# Train graveyard..norfolk



## Mikeymutt (Jan 29, 2017)

Decided to go give these trains a little look one afternoon.it was a lovely couple hours mooch.got into a few of the carraige said and the cab of what looked like some digger on the carraige.my only guess it was for track or maybe embankment work.but silly me forgot to take a pic of it.i really liked the first class style carriage with its wood panne King and big seats.always reminds of a scene in James Bond


----------



## smiler (Jan 29, 2017)

I can remember train compartments, I didn't get into 1st class that often though great pics, Thanks


----------



## mockingbird (Jan 29, 2017)

Love this mate, especially the carriage shots,need to explore a train soon!


----------



## Chevyman (Jan 29, 2017)

Love the compartment shot i remember trains like this from my childhood, nice work.


----------



## The_Derp_Lane (Jan 29, 2017)

Superb photos. I'm glad you also got something good as well.


----------



## Sam Haltin (Jan 30, 2017)

Nice detailed photographs. In my early days as a Guard on British Rail I, and passengers preferred those 1st class carriages. Bigger seats, adjustable seats, air-con controls on the right on your photo of the compartment. I think that this is a redundant engineers train and the carriages were used for staff accommodation.


----------



## Dirus_Strictus (Jan 30, 2017)

Hugh Jorgan said:


> I think that this is a redundant engineers train and the carriages were used for staff accommodation.

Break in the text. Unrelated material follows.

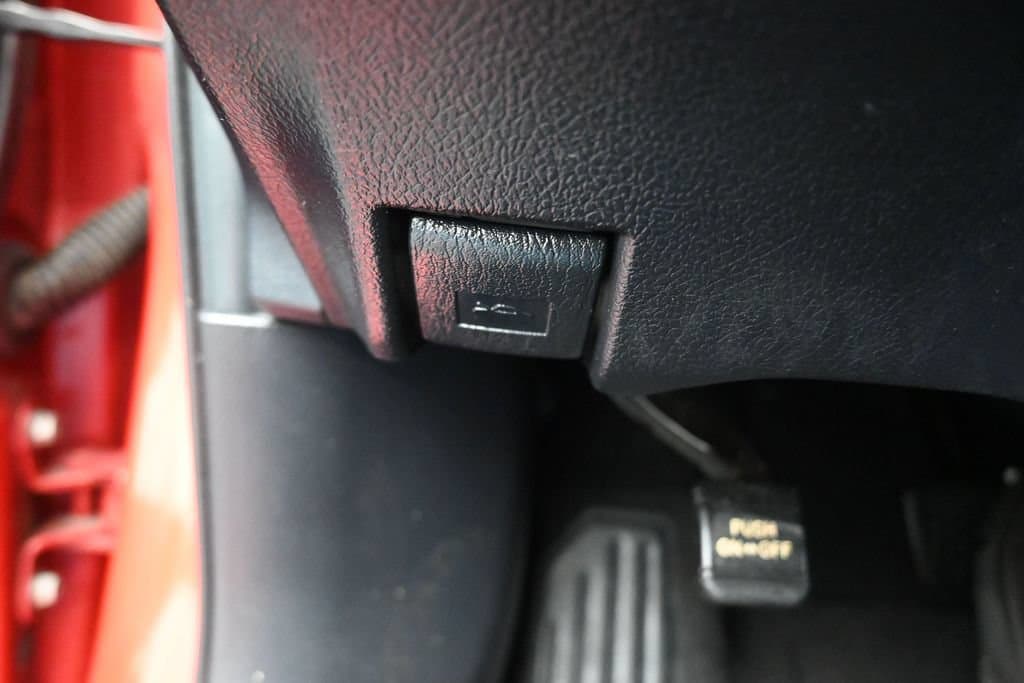 2012 Toyota Camry SE, photo 24 of 55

The yellow engineering vehicles are I think the first commercially built prototype track aligning/ballasting unit. A bit of a pain sometimes and took us ages to get it to work to spec. The passenger coaches photographed were not with the unit when we worked on it, the consist then was machine, Derby Research Laboratory Coach and CME coach or equipment bogie van. The passenger coaches in the sidings are, I think, just a random collection of scrap.


----------



## darbians (Jan 30, 2017)

Great set of a great place. The engineering vehicles are called stoneblowers.


----------



## DirtyJigsaw (Jan 30, 2017)

Great set there mate. I need this


----------



## Electric (Jan 30, 2017)

Nice photos. Putting dereliction and railways together looks great.


----------



## Mikeymutt (Jan 30, 2017)

Thank you all.they were a pleasant surprise..glad you enjoyed it darbians..and dj yiu would love it..mockingbird a few of these about


----------



## HughieD (Jan 30, 2017)

Loving that bit of rail because Mikey. And did I spy a Class 31 locomotive too?


----------



## cornish_snowdog (Jan 30, 2017)

Loved the set, and found the photo of the buffers particularly pleasing for some reason...


----------